Wearables had an even more dismal showing in the survey. Just eight percent thought it was “very important.”
However, overall CEOs are “embracing digital technology.” It isn’t going away, in other words. Seventy percent of U.S. CEOs see changes coming in the “core technologies used for production or service provision.”
Tools
CEOs are using tech as tools. Technology creates operational efficiencies; data mining and analysis helps the company; decision-making is better with tech; and customer experience and innovation capacity are all seeing investments. This is according to the 2015 US CEO Survey from PWC.
CEOs are embracing big data. Strategic decision-making and risk-taking decisions are improved through the use of technology tools, the respondents said. More than half of the CEOs asked now use such tools.

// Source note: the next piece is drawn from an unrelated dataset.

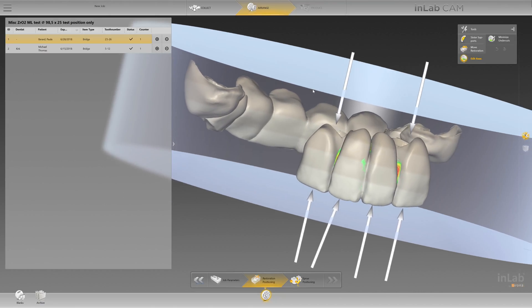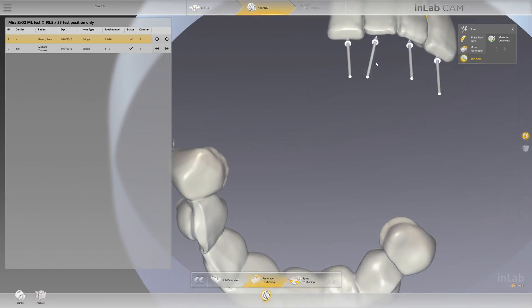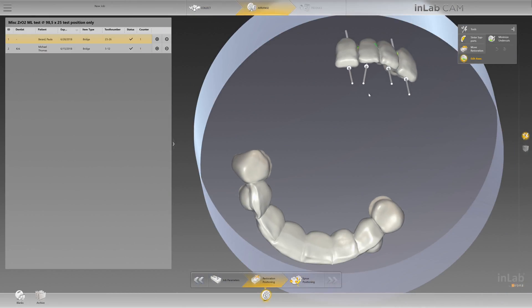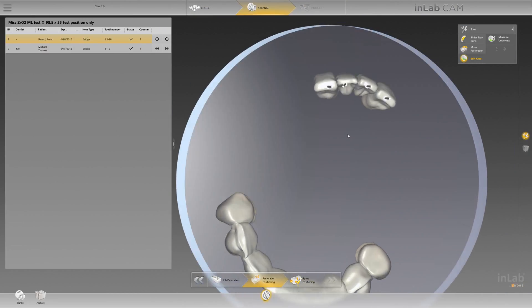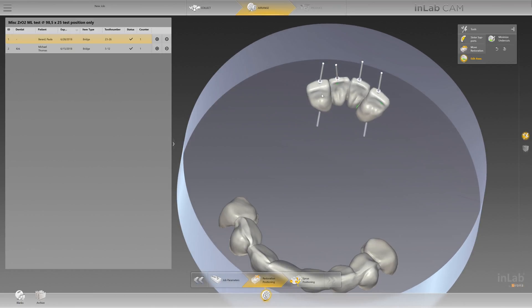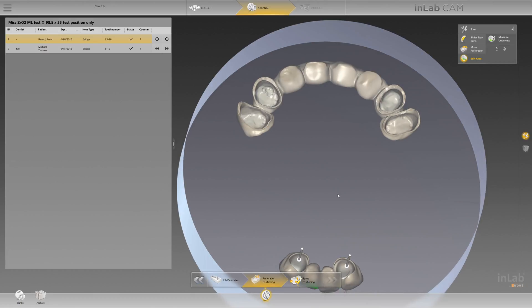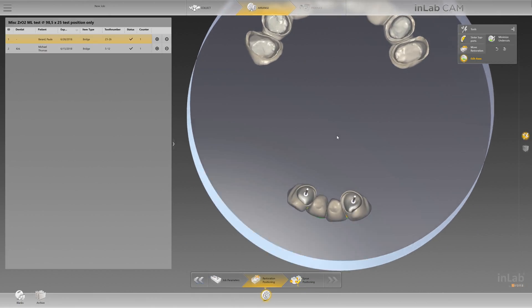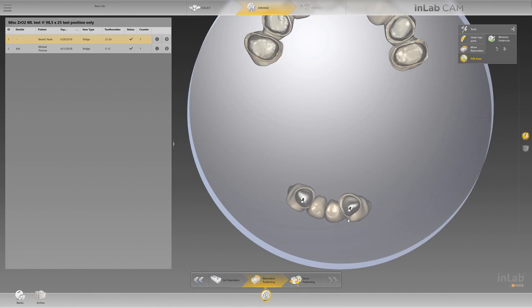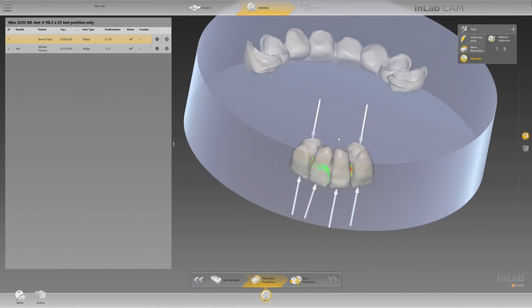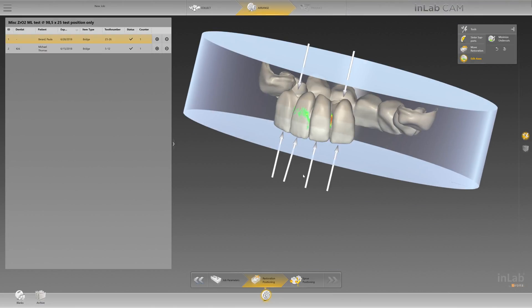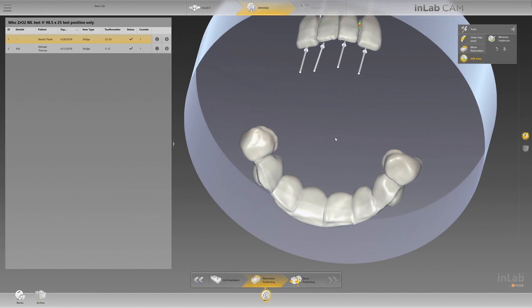Or you can adjust your axis as well by just controlling these arrows. Now I don't do much of it on the internal aspect of my restorations. Every once in a while I will, but for the most part I'll adjust it on the incisal part of my restorations.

Wary of new market entrants
But CEOs are worried about threats to business growth. Much of that threat comes from disruption and technology.
CEOs know that they need to keep a wary eye out for direct and indirect competitors, in particular disruptive ones, who emerge onto the scene with technology-based alternatives to their incumbent business models.

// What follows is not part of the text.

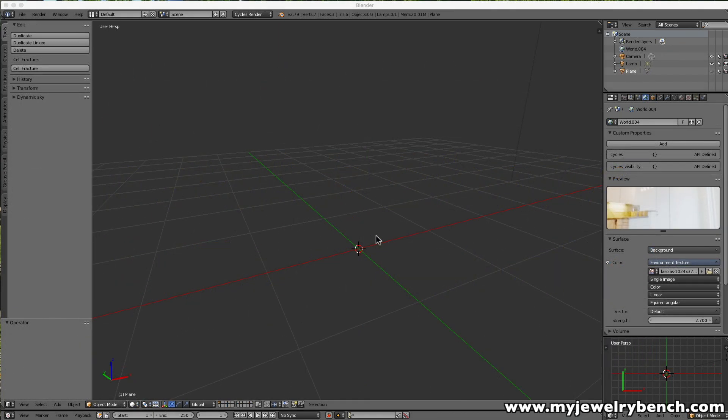This is Pete from MyJewelryBench.com and today we're going to do a little bit more tutorials on working with Blender. There is a function in Blender that I use a lot to help me design jewelry and we're going to cover that today. It's called Follow a Path and it allows you to have a number of items follow along a path without item distortion.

These new tech-oriented market entrants worry CEOs. Sixty-three percent of CEOs in the U.S. are concerned about the threat and its potential effect on the individual enterprise’s growth.
Disruption
So much so that businesses are actively looking for new industries to do business in, and are looking for ways to disrupt their own businesses. For example, drugstores are branching into healthcare.
“U.S. CEOs are widening their use of alliances to secure new technology and speed up innovation,” the report says.
Consumer-facing tech
Technology is important in customer experience. Eighty-five percent of U.S. CEOs think its importance is on par with operational efficiency gains (84 percent); data and data analytics investments (89 percent).
“The thing that’s been driving us has been digital and technology,” said J. Patrick Doyle, president and CEO of Domino’s Pizza, in the report.
“It’s driving loyalty and frequency,” he said.
Tech overall
But tech overall is becoming more important to CEOs. “Technologies and the opportunities they represent are migrating to the core of the business where once they may have been treated as ‘bolt on,’” the report says.